He’s been on the SUN ’n FUN board for years, but chairman for just 18 months. Robert C. (Bob) Knight is head of Knight Industrial Equipment (a long-time Lakeland Airport tenant), an airport board member and community leader. He’s been flying out of LAL since 1965. That A-36 Bonanza of his, which he calls “my lifeblood,” is on its fourth engine and third turbo-normalizer.
“I am a very active chairman. This job is a tester,” he says, noting he’s devoting 60% to 70% of his time to SUN ’n FUN these days. “Lites (John Leenhouts, SUN ’n FUN president) and I are in contact every day. We are both a lot more hands-on.”
Board meetings are now once-a-month affairs, not three or four times a year. He sees the board taking more control and its committees becoming more functional. “They’re gonna be dumped on with responsibilities,” he says.
The Florida Air Museum, a non-profit that gets most of its proceeds from SUN ’n FUN operations, still exists. Knight dissolved the museum’s board, however, consolidating it with that of SUN ’n FUN and making Leenhouts president of both organizations.
“We were operating like two separate companies,” he notes.

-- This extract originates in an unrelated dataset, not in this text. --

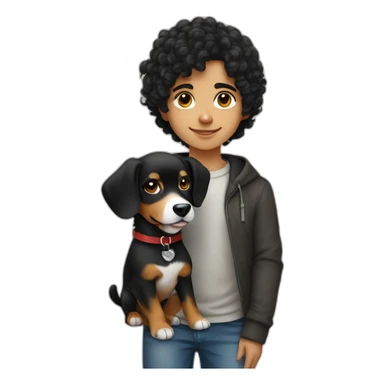 Young russian programmer with curly black hair with dog Entlebucher zennenhund sticker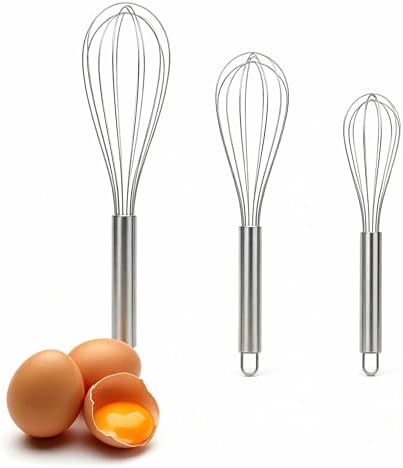 Stainless Steel Whisk Set, 3 Sizes (8", 10", 12") Kitchen Whisks for Cooking, Balloon Wire Whisk for Mixing, Whisking, Beating, Blending, Egg Beater, Baking, Whipping Cream, Frothing Milk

The museum will be renamed this spring to represent its new function as a learning center, although “Florida Air Museum” may still be part of the moniker, he says.
He’s fully on board with new concepts. “We are no longer a once-a-year venue. We’ve got tons of space and parking.” And that can be put to work year-round, he said. He believes that SUN ’n FUN’s expanded schedule can help “dig us out of a 10-year financial hole.”
SUN ’n FUN has been operating in the red, he says, but now “finances are improving.” Past building programs and other costs, including the 2011 tornado, meant SUN ’n FUN was “living on a line of credit.” The tornado dramatically proved that the organization “needs a nest egg,” he adds.
Knight also wants to “get back to the grassroots days” of the fly-in, but acknowledges that “kids today don’t relate to aviation’s good old days.” So he’s allowing the board to evolve through attrition and by establishing a new “Chairman’s Circle” of key local leaders — a source of potential future board members. That group will gather every three to four months for lunch or cocktails and discussion. The result: Insights (and support) from the community.
“Everything we’re trying to do is for education, but we’re a non-profit,” he notes. “Too many people have their hand out, not helping.”
Knight laments SUN ’n FUN’s recent image as a big, successful (and therefore cash-rich) enterprise, an image bolstered by past spending and image-polishing. “We need to earn more for important new activities,” he says. “We need more sponsors.”